• INSTRUCTIONS TO FOLLOW:
A verbatim printing of the entries that follow is needed; pictures must not appear in it.

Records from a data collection
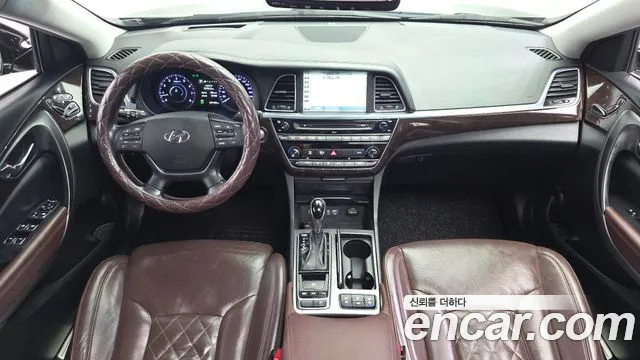 Hyundai Aslan — интерьер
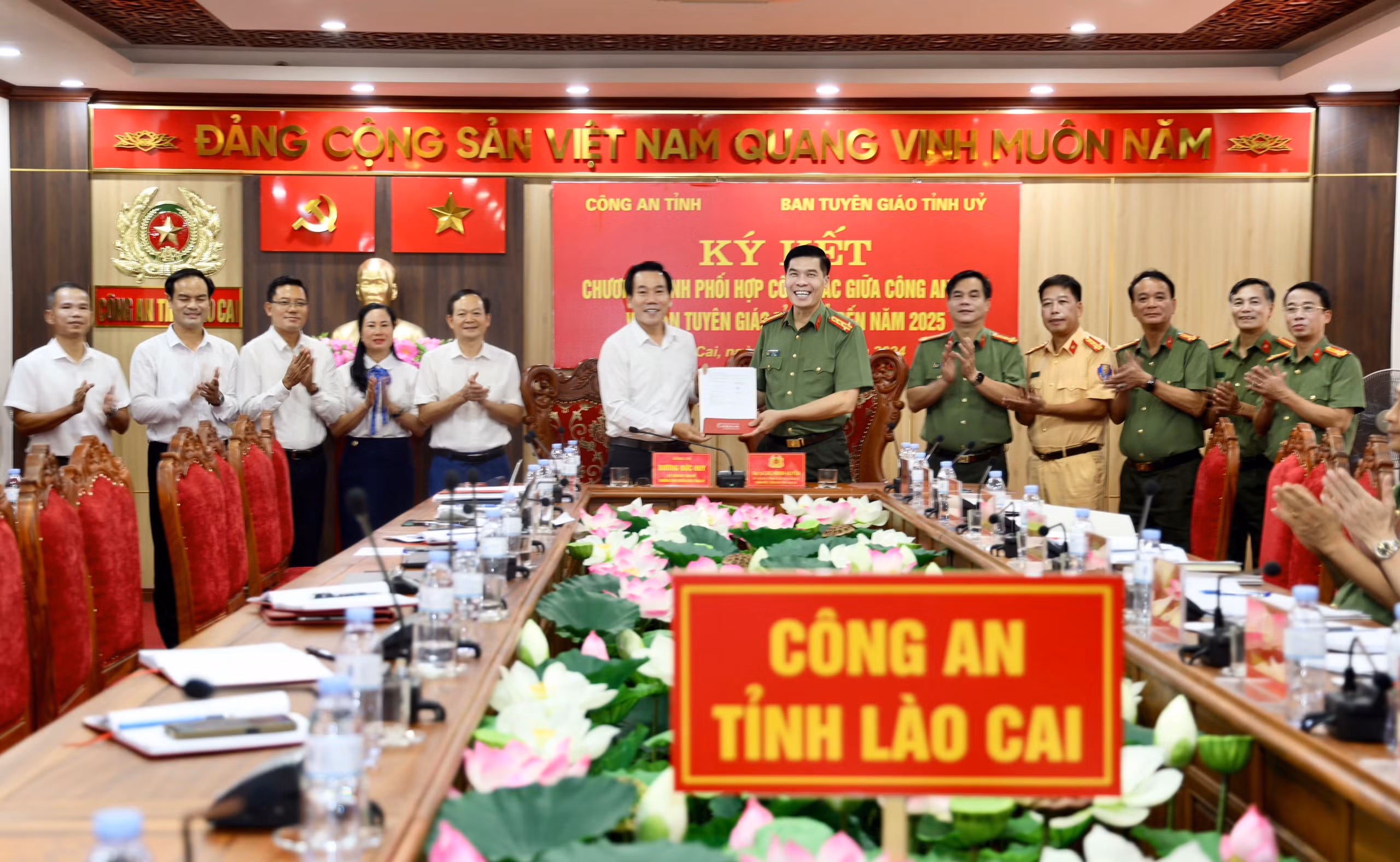 Hai đơn vị tiến hành ký kết quy chế phối hợp (2).jpg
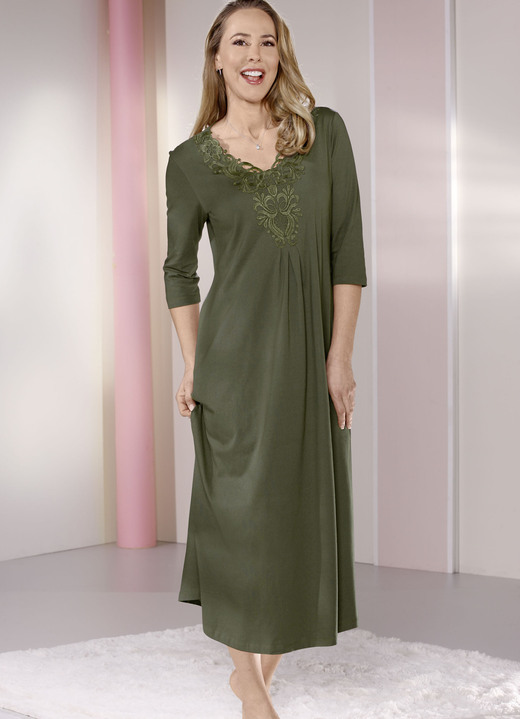 Langarm - Nachthemd mit Motivspitze, knöchellang Ansicht 3 Langarm - Nachthemd mit Motivspitze, knöchellang, in Größe 036 bis 054, in Farbe BORDEAUX Ansicht 3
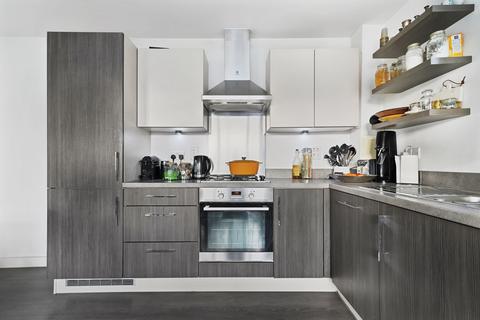 2 bedroom flat to rent, Baldwin Court, Highfield Avenue, Golders Green, NW11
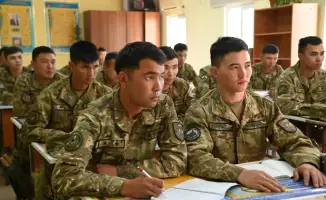 В 2026 году Казахстан призовет на воинскую службу более 850 офицеров запаса
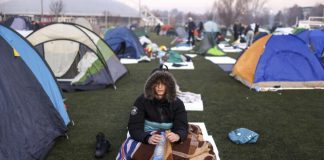 Građani obezbeđuju smeštaj za studente u Inđiji – Deo njih spavaće pod prozorom predsednika opštine koji im nije odobrio smeštaj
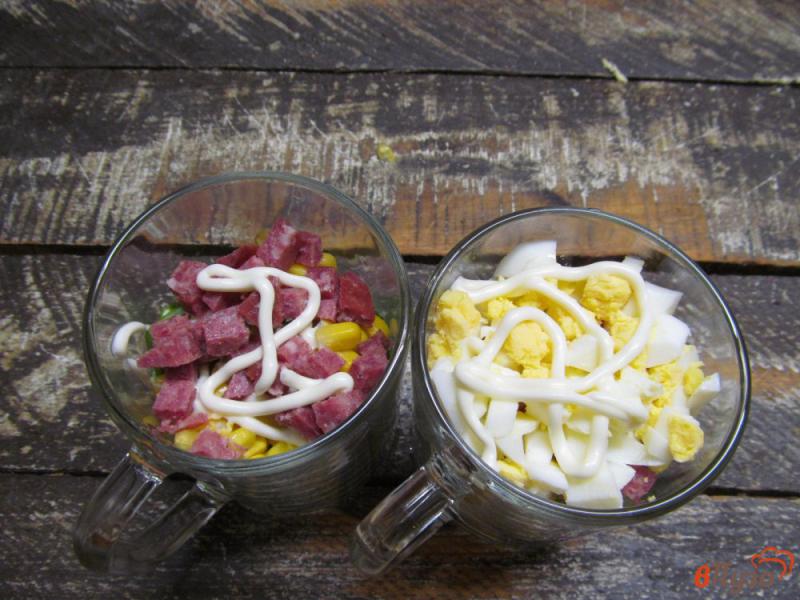 Фото приготовление рецепта: Слоеный салат с сухариками и копченой колбасой шаг №5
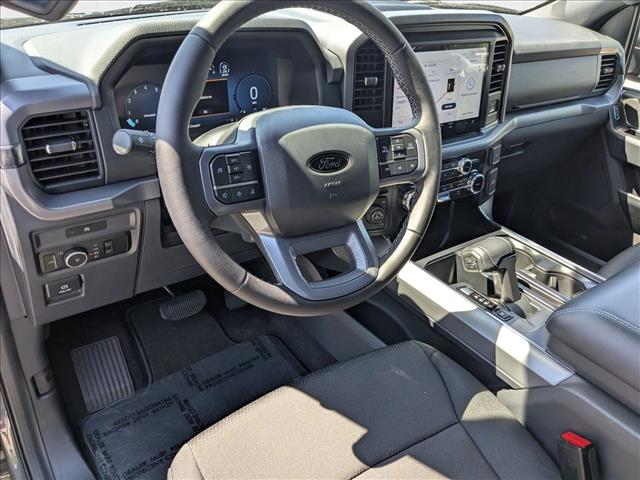 2025 Ford F-150 XLT photo 3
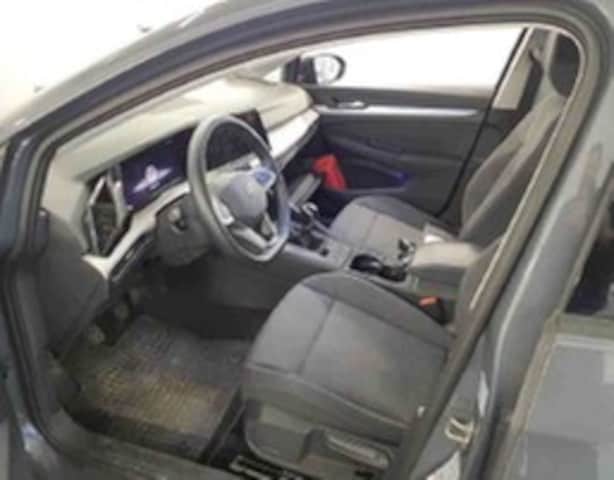 Volkswagen Golf Life Variant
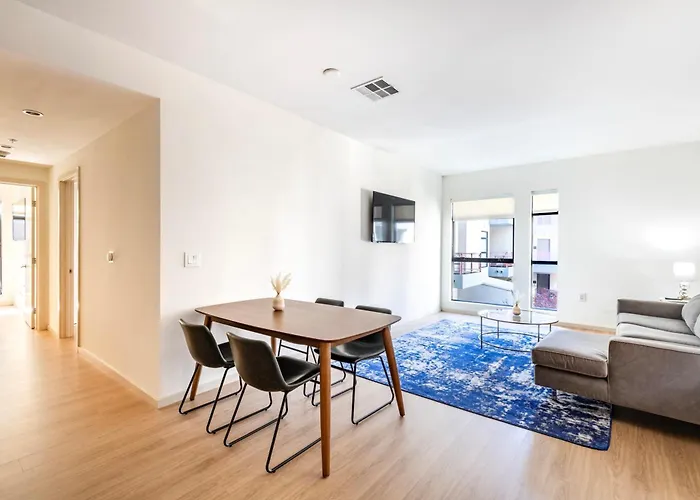 2Br Hollywood Opulent Retreat Et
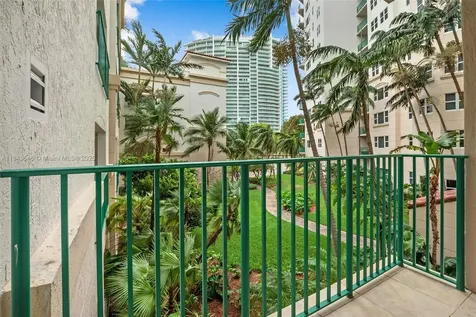 19900 E Country Club Drive Aventura FL 33180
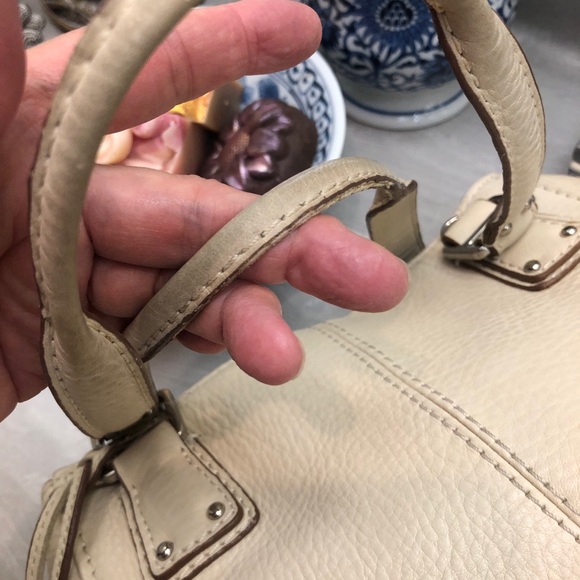 Fossil Purse handbagSoft Creamy Leather Shoulder bag includes strap,  3+pockets - Picture 3 of 17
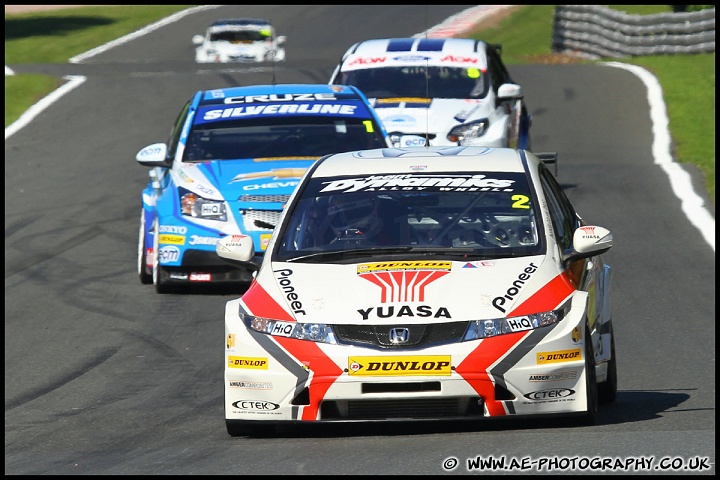 BTCC_and_Support_Oulton_Park_040611_AE_009.jpg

• WORKED SOLUTION:
 Hyundai Aslan — интерьер
 Hai đơn vị tiến hành ký kết quy chế phối hợp (2).jpg
 Langarm - Nachthemd mit Motivspitze, knöchellang Ansicht 3 Langarm - Nachthemd mit Motivspitze, knöchellang, in Größe 036 bis 054, in Farbe BORDEAUX Ansicht 3
 2 bedroom flat to rent, Baldwin Court, Highfield Avenue, Golders Green, NW11
 В 2026 году Казахстан призовет на воинскую службу более 850 офицеров запаса
 Građani obezbeđuju smeštaj za studente u Inđiji – Deo njih spavaće pod prozorom predsednika opštine koji im nije odobrio smeštaj
 Фото приготовление рецепта: Слоеный салат с сухариками и копченой колбасой шаг №5
 2025 Ford F-150 XLT photo 3
 Volkswagen Golf Life Variant
 2Br Hollywood Opulent Retreat Et
 19900 E Country Club Drive Aventura FL 33180
 Fossil Purse handbagSoft Creamy Leather Shoulder bag includes strap,  3+pockets - Picture 3 of 17
 BTCC_and_Support_Oulton_Park_040611_AE_009.jpg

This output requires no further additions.